In many churches, the Eucharist is celebrated in a liturgy that includes Holy Communion. During the Roman Catholic liturgy, the ceremony of the washing of the feet, or pedilavium, is performed: the celebrant washes the feet of 12 people to commemorate Christ's washing of his disciples' feet. In England a custom survives of giving alms ("maundy pennies") to the poor; this recalls an earlier practice in which the sovereign washed the feet of the poor on Maundy Thursday. In most European countries, the day is known as Holy Thursday.

The feast of Maundy (or Holy) Thursday solemnly commemorates the institution of the Eucharist, where Christ blesses bread and wine which miraculously transubstantiate .This is the oldest of the observances peculiar to Holy Week.

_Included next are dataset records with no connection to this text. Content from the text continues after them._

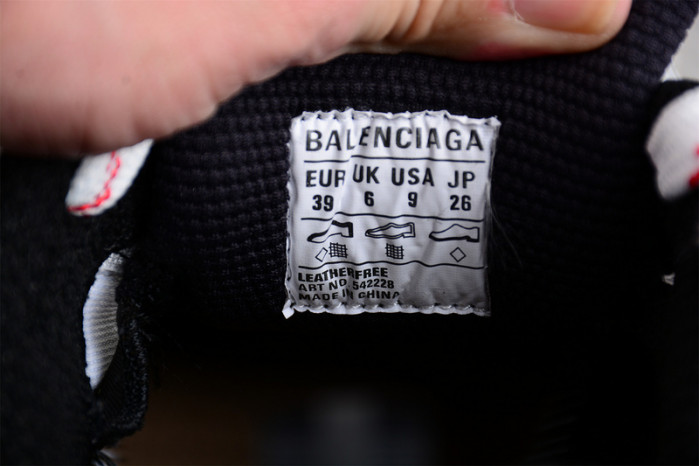 Ba*len*cia*ga phantom sneaker w1rb52801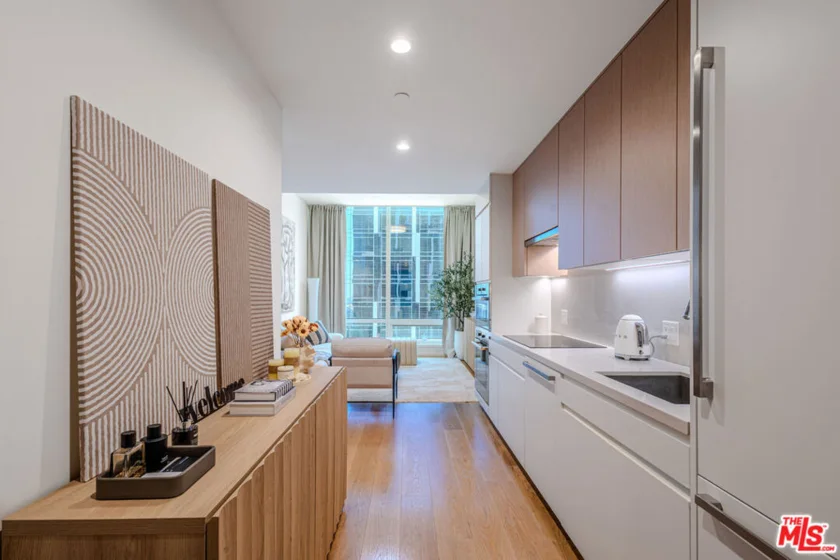 877 Francisco Street #1903 photo 2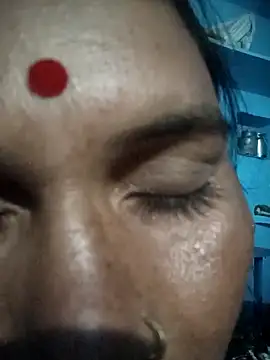 Chinki pande online show from November 11, 7:11 pm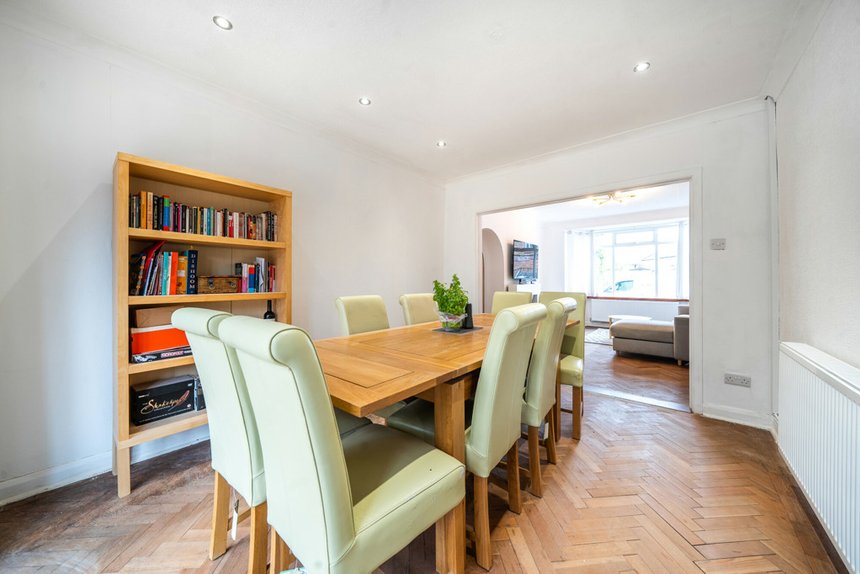 for sale pynchester close london 32545 - Gibbs Gillespie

Eucharist |ˈyoōkərist| noun
The Christian ceremony commemorating the Last Supper, in which bread and wine are consecrated and consumed.
• the consecrated elements, esp. the bread.
The bread and wine are referred to as the body and blood of Christ, though much theological controversy has focused on how substantially or symbolically this is to be interpreted. The service of worship is also called Holy Communion or (chiefly in the Protestant tradition) the Lord's Supper or (chiefly in the Catholic tradition) the Mass. See also consubstantiation , transubstantiation .
DERIVATIVES
Eucharistic |ˌyoōkəˈristik| |ˈˈjukəˈrɪstɪk| |-ˈrɪstɪk| adjective
Eucharistical |ˌyoōkəˈristikəl| |ˈˈjukəˈrɪstəkəl| |-ˈrɪstɪk(ə)l| adjective
ORIGIN late Middle English : from Old French eucariste, based on ecclesiastical Greek eukharistia ‘thanksgiving,’ from Greek eukharistos ‘grateful,’ from eu ‘well’ + ‘offer graciously’ (from kharizesthaikharis ‘grace’ ).

Salvador Dalí’s 1955 painting of “The Last Supper” is shown above.